Chrysler 20

Development
- Designer: Halsey Herreshoff
- Location: United States
- Year: 1977
- Builder: Chrysler Marine

Boat
- Displacement: 2,200 lb (998 kg)
- Draft: 5.58 ft (1.70 m) with keel down

Hull
- Type: monohull
- Construction: fiberglass
- LOA: 20.00 ft (6.10 m)
- LWL: 18.00 ft (5.49 m)
- Beam: 7.08 ft (2.16 m)
- Engine: outboard motor

Hull appendages
- Keel: swing keel
- Ballast: 810 lb (367 kg)
- Rudder: internally-mounted spade-type rudder

Rig
- Rig type: Bermuda rig

Sails
- Sailplan: masthead sloop
- Total sail area: 193 sq ft (17.9 m^{2})

Racing
- PHRF: 264

= Chrysler 20 =

Sailboat class

The Chrysler 20 is an American trailerable sailboat that was designed by Halsey Herreshoff and first built in 1977.

==Production==
The design was built by Chrysler Marine in Plano, Texas, United States, from 1977 to 1980, but it is now out of production.

==Design==
The Chrysler 20 is a recreational keelboat, built predominantly of fiberglass, with wood trim. It has a masthead sloop rig; a raked stem; a nearly-plum transom; an internally mounted, swing-up, spade-type rudder controlled by a tiller and a stub keel with a swing keel. It displaces 2200 lb and carries 810 lb of ballast.

The boat has a draft of 5.58 ft with the swing keel extended and 1.92 ft with it retracted, allowing ground transportation on a trailer.

The boat is normally fitted with a small 3 to 6 hp outboard motor for docking and maneuvering.
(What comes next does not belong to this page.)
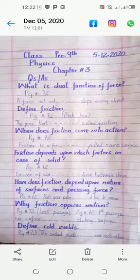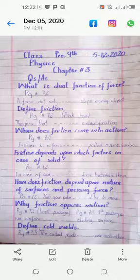Next question: why does friction oppose motion? Its answer starts from page number 72, last passage, and ends at page number 73, first passage — starting from 'no surface' and ending at 'sliding surface.'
The design has sleeping accommodation for four people, with a double "V"-berth in the bow cabin and two settee-style quarter berths in the main cabin. The optional head is a portable type, located under the bow cabin "V"-berth. Cabin headroom is 45 in.

The design has a PHRF racing average handicap of 264 and a hull speed of 5.7 kn.

==Operational history==
The boat is supported by two active class clubs that organize racing events, the Chrysler Sailing Association and the Chrysler Sailors.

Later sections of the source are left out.